With its planning application currently being assessed by council this proposed development comprises of 15 apartment style townhouses. Sitting on the fringe of the Ivanhoe Plaza shopping precinct, it forms part of the Darebin Station precinct. With a 13m preferred height limit, initial yield studies suggested that either an apartment building or a townhouse development were possible. Ultimately, we have arrived at a hybrid of the two- a vertical apartment. Oddly, the property has a registered covenant requiring any buildings to have a roof of slate or tiles, which was a precursor to the design response.
By employing a basement to park the cars underground we have avoided the endless row of garage doors that a typical row of townhouses creates. Once in the basement (unlike in a typical apartment building) each townhouse has its own secure garage and stair access directly into their townhouse.
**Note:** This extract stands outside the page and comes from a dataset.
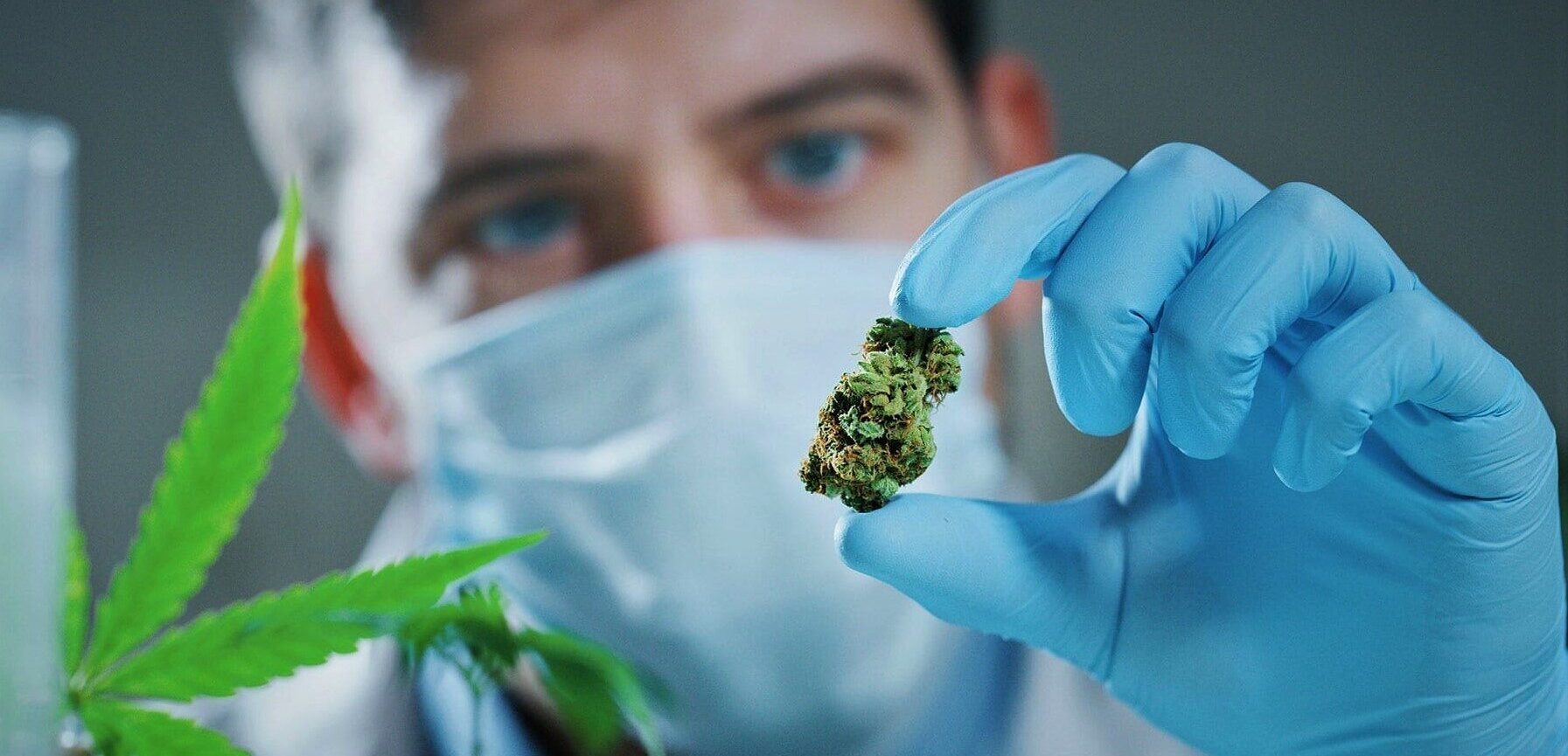 Cannabis Testing Market Size, Share, Trends and Growth Analysis 2026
Above ground the building itself has been conceived to read as a single building, and the external aesthetic has been sculpted to have the appearance and texture of a large house more so than an apartment building. In plan, the building has been extruded along the length of the site. The centre of the building has also been ‘opened up’ to create internal courtyards and solar access into the southern units. These units are further offset in plan to prevent internal overlooking between homes.
Another key design aspect borrowed from apartments has been to locate many of the outdoor living areas on the roof. This has created larger and more useable terraces with distant views and enhanced solar access. Planters have been employed to restrict overlooking onto adjacent properties and the terraces have been provided with shaded areas to allow use in mid-summer.
The building as a whole is created to have a distinctly domestic feel, both in the scale of the architectural elements and the texture of the materials utilised; being the face brick walls, timber cladding, planters and metal picket fencing. With its sections of transparency, solid and texture, typically flat walls are transformed to provide movement and visual interest down the length of the building. The pitched “skillion” style roof is reminiscent of the mid-century modern style so evident in this area. The building itself is richly dynamic in a modern vernacular whilst responsive to the surrounding history of the area and context.